**What you need to do:** Go to the line with "To start logging" in the entries below and write out every line from there through the line with "This is a video", exactly and without pictures.

**The data:**
------------------------

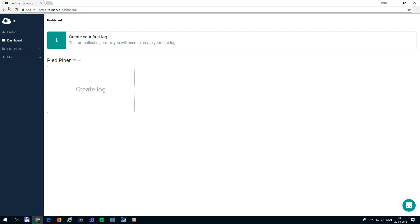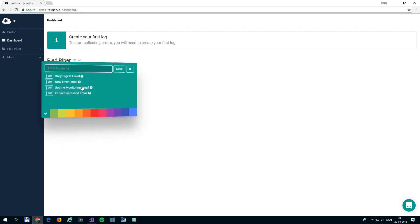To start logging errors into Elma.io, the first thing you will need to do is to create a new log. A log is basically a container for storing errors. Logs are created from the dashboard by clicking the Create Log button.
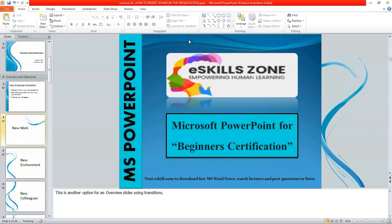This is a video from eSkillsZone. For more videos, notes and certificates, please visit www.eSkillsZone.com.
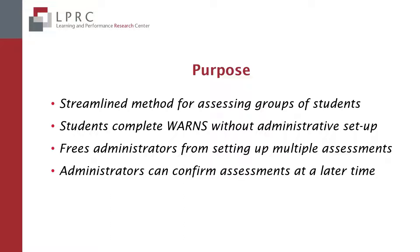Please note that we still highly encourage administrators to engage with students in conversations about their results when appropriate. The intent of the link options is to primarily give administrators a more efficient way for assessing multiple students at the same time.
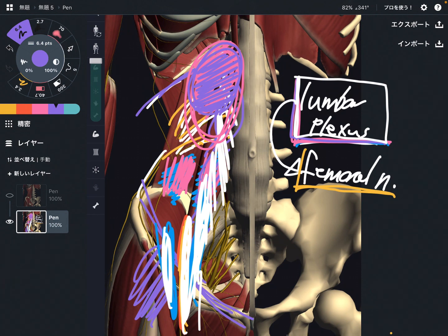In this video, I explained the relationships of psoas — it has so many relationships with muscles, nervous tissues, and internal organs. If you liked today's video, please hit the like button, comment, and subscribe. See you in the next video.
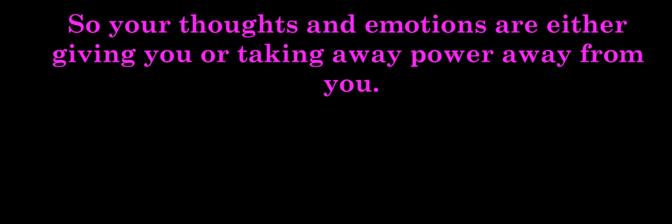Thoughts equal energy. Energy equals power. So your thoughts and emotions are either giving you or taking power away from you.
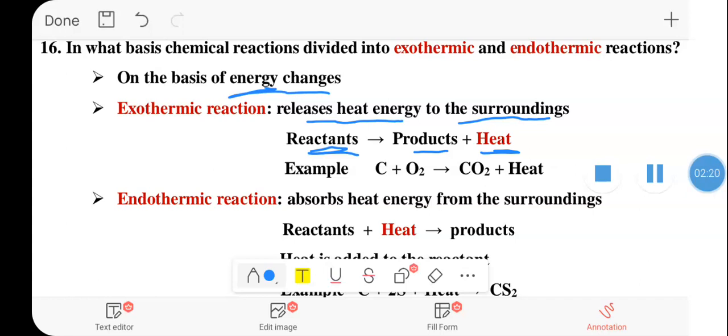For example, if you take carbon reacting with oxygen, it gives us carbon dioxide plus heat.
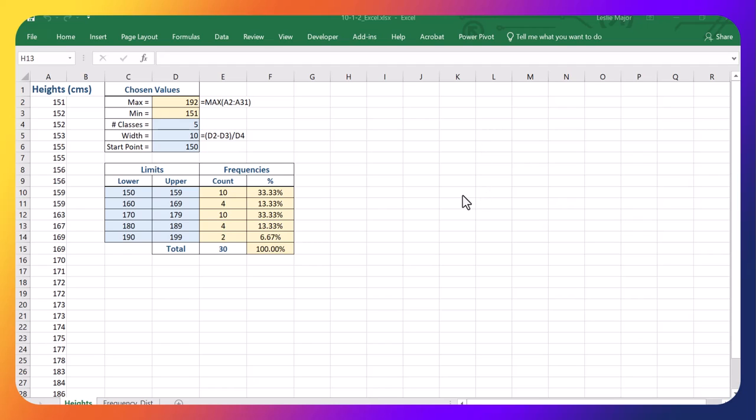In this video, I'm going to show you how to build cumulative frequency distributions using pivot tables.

------------------------

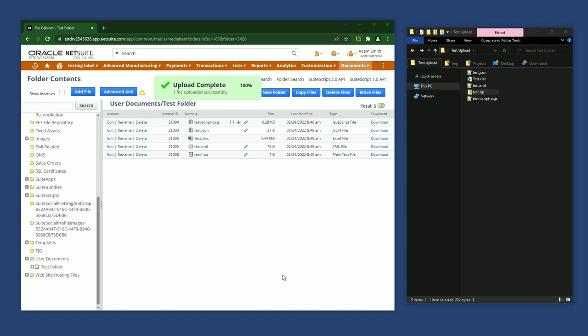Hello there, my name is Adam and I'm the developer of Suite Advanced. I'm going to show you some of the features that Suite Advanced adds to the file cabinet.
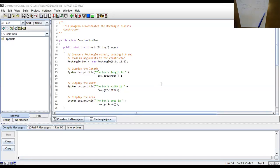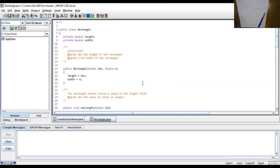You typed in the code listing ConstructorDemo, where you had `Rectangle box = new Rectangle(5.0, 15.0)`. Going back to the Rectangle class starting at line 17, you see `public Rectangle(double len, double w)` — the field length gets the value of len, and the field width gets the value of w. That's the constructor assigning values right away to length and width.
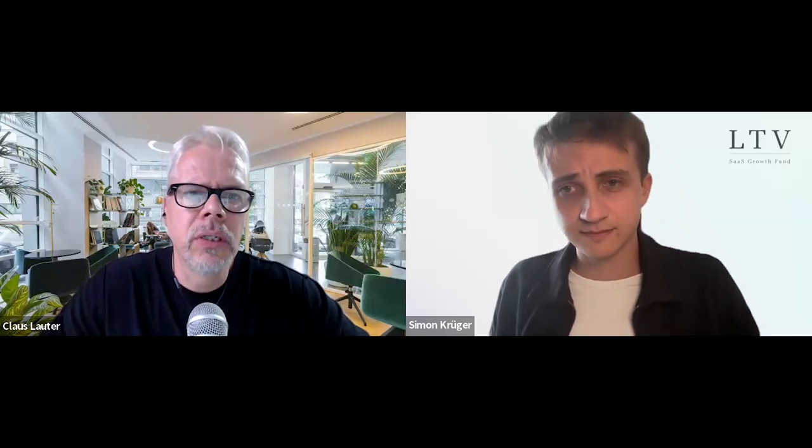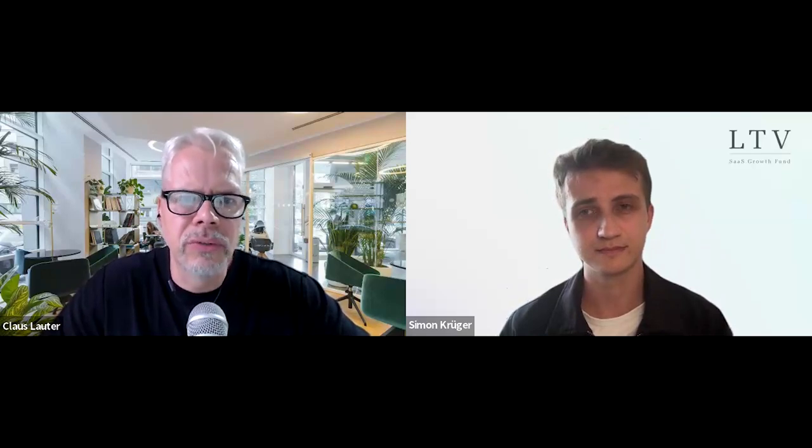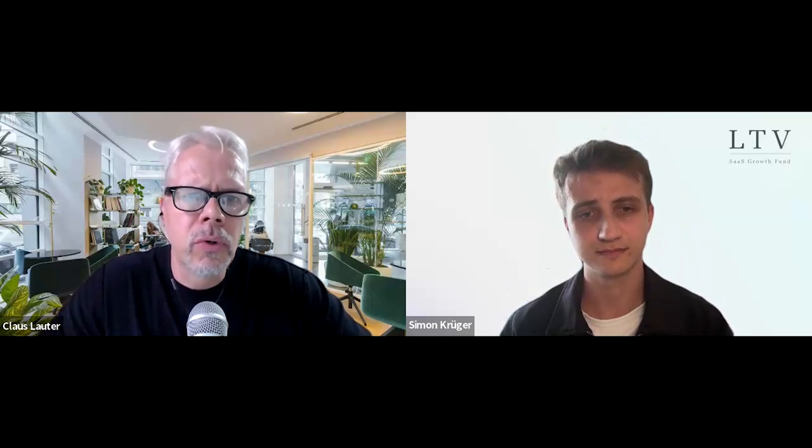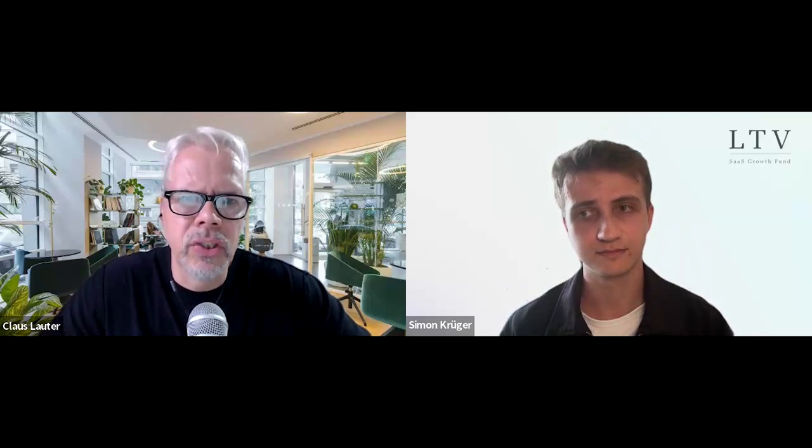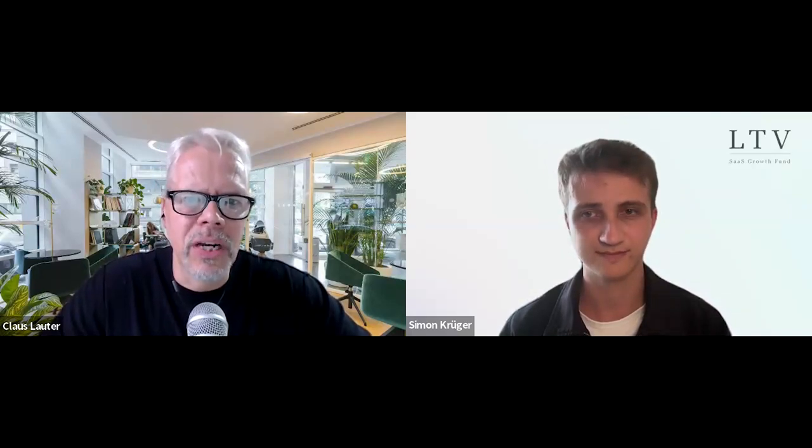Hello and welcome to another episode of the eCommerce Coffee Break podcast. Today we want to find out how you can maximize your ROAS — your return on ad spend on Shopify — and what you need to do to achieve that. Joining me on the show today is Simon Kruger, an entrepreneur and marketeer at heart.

------------------------

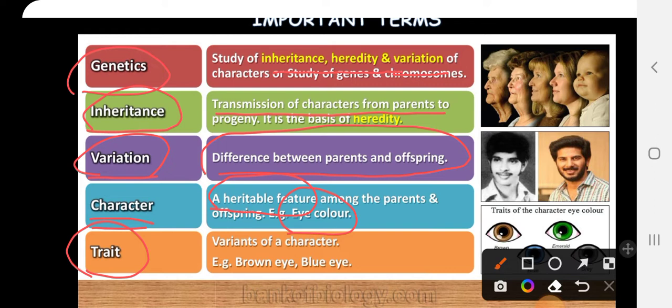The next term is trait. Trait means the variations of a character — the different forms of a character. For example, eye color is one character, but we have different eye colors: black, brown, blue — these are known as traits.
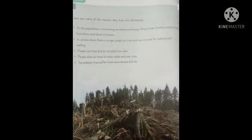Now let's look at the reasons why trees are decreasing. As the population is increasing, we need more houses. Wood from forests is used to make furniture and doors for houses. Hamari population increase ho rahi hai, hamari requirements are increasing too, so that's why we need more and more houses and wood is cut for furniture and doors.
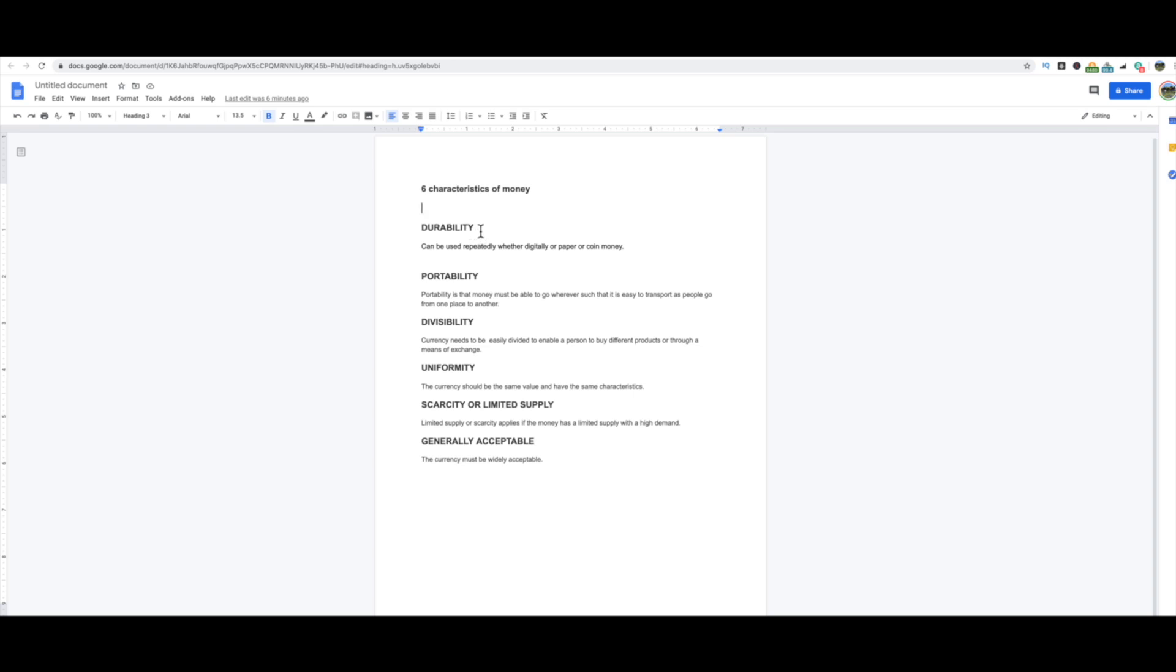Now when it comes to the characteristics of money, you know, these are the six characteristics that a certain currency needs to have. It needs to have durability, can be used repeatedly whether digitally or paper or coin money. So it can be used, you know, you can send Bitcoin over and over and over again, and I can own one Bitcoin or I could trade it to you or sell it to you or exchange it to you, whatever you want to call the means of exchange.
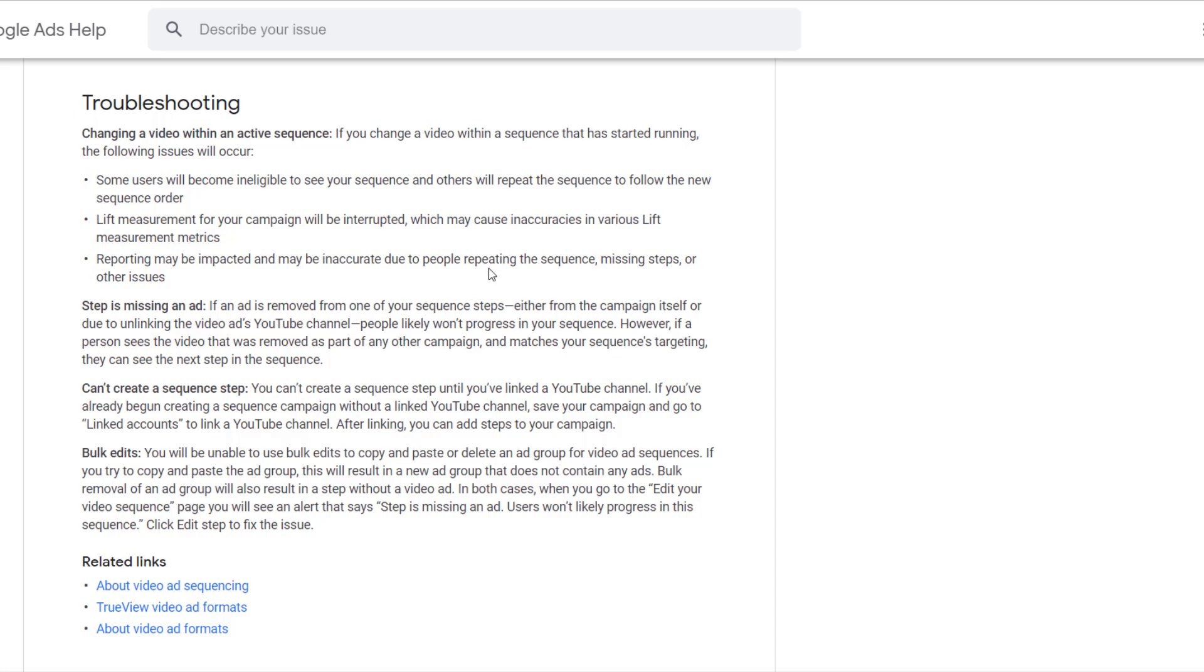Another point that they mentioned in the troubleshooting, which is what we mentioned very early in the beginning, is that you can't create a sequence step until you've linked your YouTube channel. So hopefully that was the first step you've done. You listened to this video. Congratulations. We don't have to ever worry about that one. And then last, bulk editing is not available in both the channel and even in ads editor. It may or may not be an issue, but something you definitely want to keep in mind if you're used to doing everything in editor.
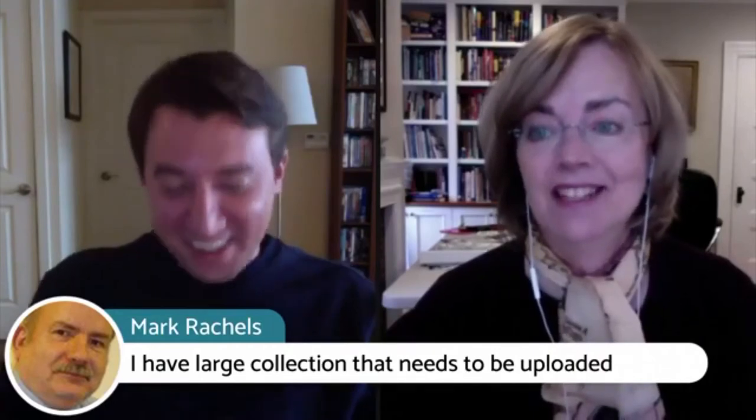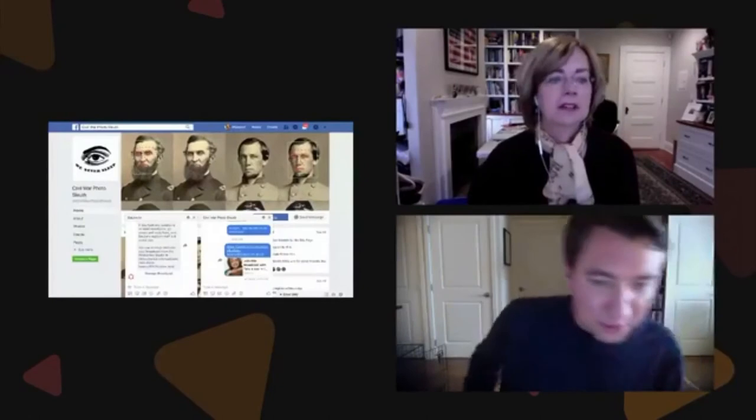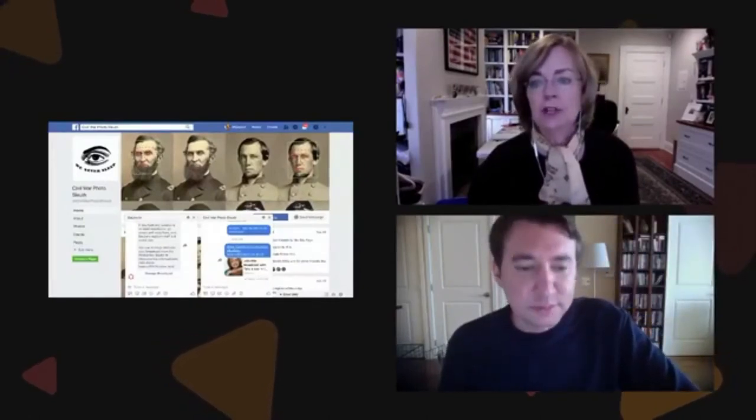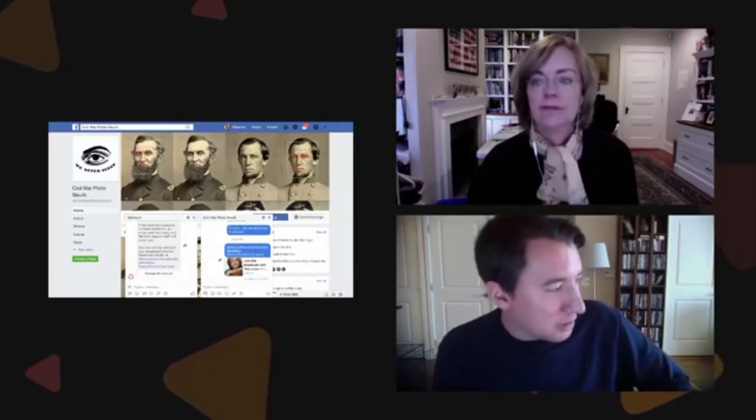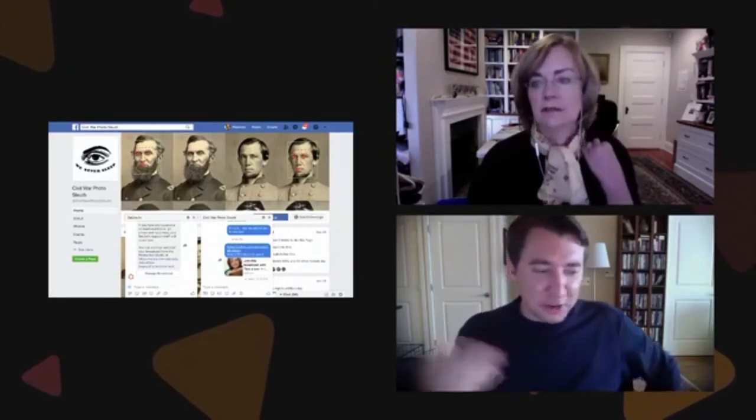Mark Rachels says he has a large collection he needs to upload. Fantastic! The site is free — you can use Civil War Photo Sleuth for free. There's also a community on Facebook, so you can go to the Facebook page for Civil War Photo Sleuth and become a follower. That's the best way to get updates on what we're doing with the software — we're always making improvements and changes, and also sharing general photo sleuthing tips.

------------------------

**Result for this task:**
To start logging errors into Elma.io, the first thing you will need to do is to create a new log. A log is basically a container for storing errors. Logs are created from the dashboard by clicking the Create Log button.
This is a video from eSkillsZone. For more videos, notes and certificates, please visit www.eSkillsZone.com.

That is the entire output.